* [Excerpted data]:
⟨

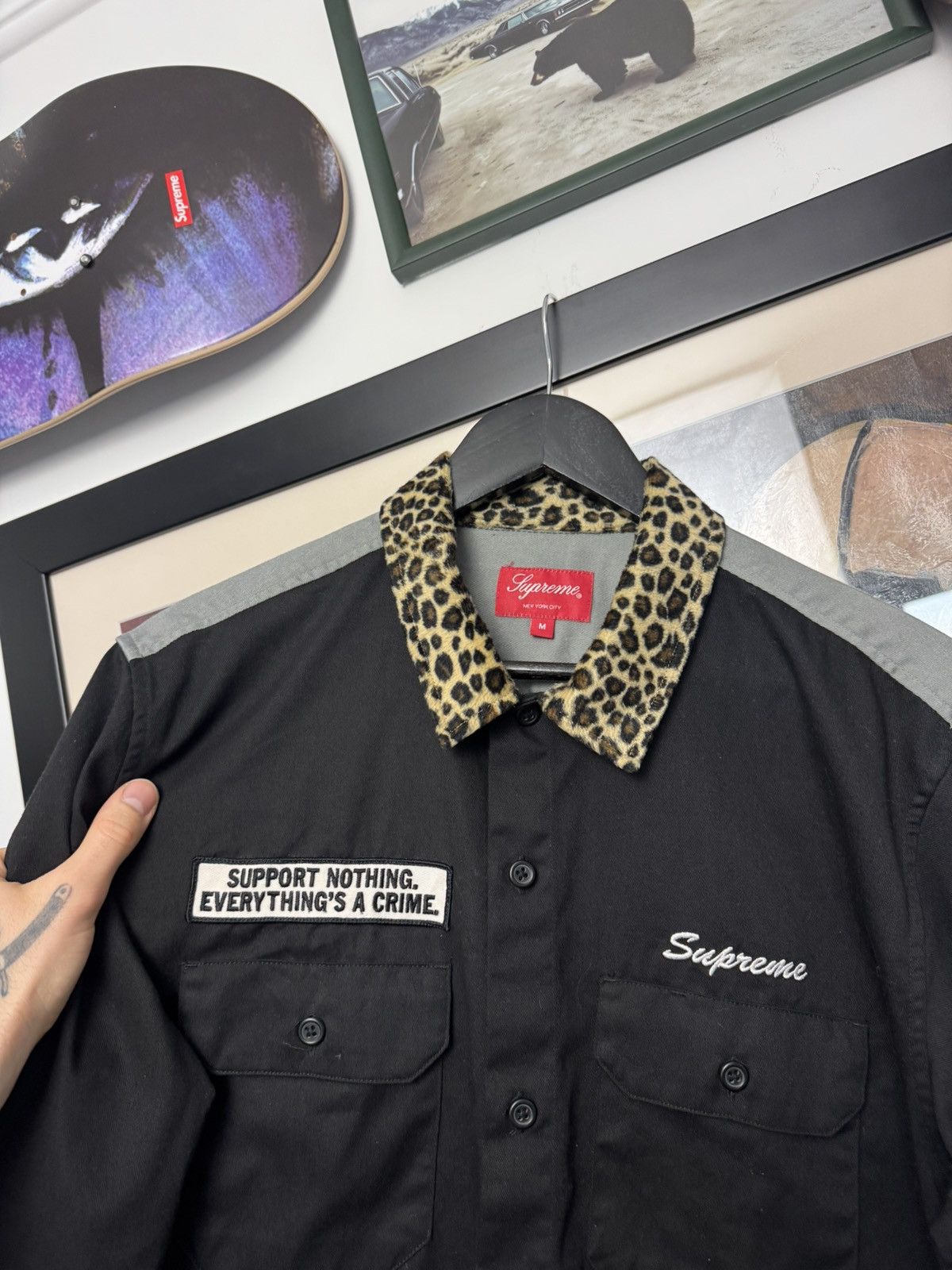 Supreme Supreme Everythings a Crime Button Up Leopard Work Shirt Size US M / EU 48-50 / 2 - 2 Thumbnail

⟩
⟨

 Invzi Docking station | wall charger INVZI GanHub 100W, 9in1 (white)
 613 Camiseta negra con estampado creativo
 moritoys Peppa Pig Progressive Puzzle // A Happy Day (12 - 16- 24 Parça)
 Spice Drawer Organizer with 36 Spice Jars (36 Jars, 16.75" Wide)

⟩

Reproducing the whole listing above is not the task. Copy exactly only the lines from the one with "moritoys Peppa Pig" to the one with "Spice Drawer Organizer", both kept.

 moritoys Peppa Pig Progressive Puzzle // A Happy Day (12 - 16- 24 Parça)
 Spice Drawer Organizer with 36 Spice Jars (36 Jars, 16.75" Wide)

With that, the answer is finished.